Ernst Peter Fischer erzählt in seinem "Großen Buch der Evolution" nicht weniger als "die längste Geschichte der Welt" – denn dies ist in seinen Augen die Evolution. Beginnend bei den Abenteuern unserer "Vorfahren", der Mikroorganismen, bis hin zur überwältigenden Vielfalt von Pilzen, Pflanzen und Tieren beschreibt er die Entwicklung des Lebens der letzten 3,8 Millionen Jahre.

Die Erde unterliegt einem stetigen Wandel: Kontinente verschieben sich, Ozeane entstehen und Gebirge steigen auf. Evolutionsforscher können laut Fischer keine Vorhersagen treffen – außer der, dass sich fast alles ändern wird. Und doch befassen sie sich mit den Rätseln des lebendigen Treibens auf dem Planeten: Ist alles durch Evolution entstanden oder gibt es auch Zufälle? Die Zahl der Finger einer menschlichen Hand zum Beispiel, die Farbe des Blutes oder die Streifen der Zebras.

Gerade bei der menschlichen Entwicklung wird häufig das Schicksal oder ein göttliches Wesen zu Erklärungen bemüht. Zwei Fronten werden im Buch erläutert, von denen Menschen einerseits als "zufällige kosmische Nachzügler" und andererseits als unausweichliche Entwicklung bezeichnet werden.

Der Mensch wird heutzutage zwar nur noch selten als die "Krone der Schöpfung" tituliert, doch dass es eine Kluft zu anderen Lebewesen gibt, ist ebenfalls nicht abzustreiten.
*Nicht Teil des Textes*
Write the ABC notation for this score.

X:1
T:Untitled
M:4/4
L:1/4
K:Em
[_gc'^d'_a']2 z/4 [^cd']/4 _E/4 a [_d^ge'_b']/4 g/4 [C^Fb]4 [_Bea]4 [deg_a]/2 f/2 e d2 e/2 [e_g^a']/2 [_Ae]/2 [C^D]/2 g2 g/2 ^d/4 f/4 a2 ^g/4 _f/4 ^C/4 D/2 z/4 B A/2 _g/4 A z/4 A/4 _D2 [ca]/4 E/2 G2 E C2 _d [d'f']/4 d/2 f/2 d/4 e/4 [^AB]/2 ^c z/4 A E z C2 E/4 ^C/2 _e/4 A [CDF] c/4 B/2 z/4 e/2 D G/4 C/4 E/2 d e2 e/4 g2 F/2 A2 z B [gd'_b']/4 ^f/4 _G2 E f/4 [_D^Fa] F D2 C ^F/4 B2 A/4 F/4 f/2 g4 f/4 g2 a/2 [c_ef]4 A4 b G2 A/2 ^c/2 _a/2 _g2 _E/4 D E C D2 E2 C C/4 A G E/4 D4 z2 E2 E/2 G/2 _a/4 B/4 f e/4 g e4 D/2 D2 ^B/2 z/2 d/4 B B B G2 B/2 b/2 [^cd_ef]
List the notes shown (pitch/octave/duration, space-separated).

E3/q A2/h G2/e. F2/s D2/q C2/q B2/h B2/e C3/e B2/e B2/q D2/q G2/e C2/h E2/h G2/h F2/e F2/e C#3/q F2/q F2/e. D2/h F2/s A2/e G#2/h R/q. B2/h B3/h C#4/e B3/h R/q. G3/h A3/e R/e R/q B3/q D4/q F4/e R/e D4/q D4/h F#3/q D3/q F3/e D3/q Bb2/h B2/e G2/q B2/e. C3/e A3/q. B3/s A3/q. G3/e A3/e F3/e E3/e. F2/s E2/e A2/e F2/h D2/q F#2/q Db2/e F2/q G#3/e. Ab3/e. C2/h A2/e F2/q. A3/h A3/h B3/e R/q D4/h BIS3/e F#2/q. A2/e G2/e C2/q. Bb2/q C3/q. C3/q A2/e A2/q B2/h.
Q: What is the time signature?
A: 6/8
Fischer bringt den Leser allerdings zum Grübeln, wenn er ein Bild des Großen Fregattvogels mit aufgeblähtem Kehlkopf während der Balzzeit direkt neben das Foto eines amerikanischen Unternehmers setzt, der vor seinen Besitztümern posiert.

In der Lebewelt scheinen die Bezüge oft einleuchtend: Augen entstehen, weil es Licht gibt und Flossen, weil es Wasser gibt. Doch eine solch simple Erklärung reicht für das Phänomen des menschlichen Forscherdranges nicht mehr aus: Ein Wesen, das Schiffe baut, um auf die hohe See hinauszufahren und sogar den eigenen Planeten trotz seiner Vielfalt verlässt, um in Raumschiffen den Himmel zu erkunden, bedarf weiterer Beleuchtung. Der menschliche Entdeckergeist, der häufig mehr auf Neugier als einem Entwicklungszwang beruht, macht vielleicht die Einzigartigkeit des Homo sapiens aus.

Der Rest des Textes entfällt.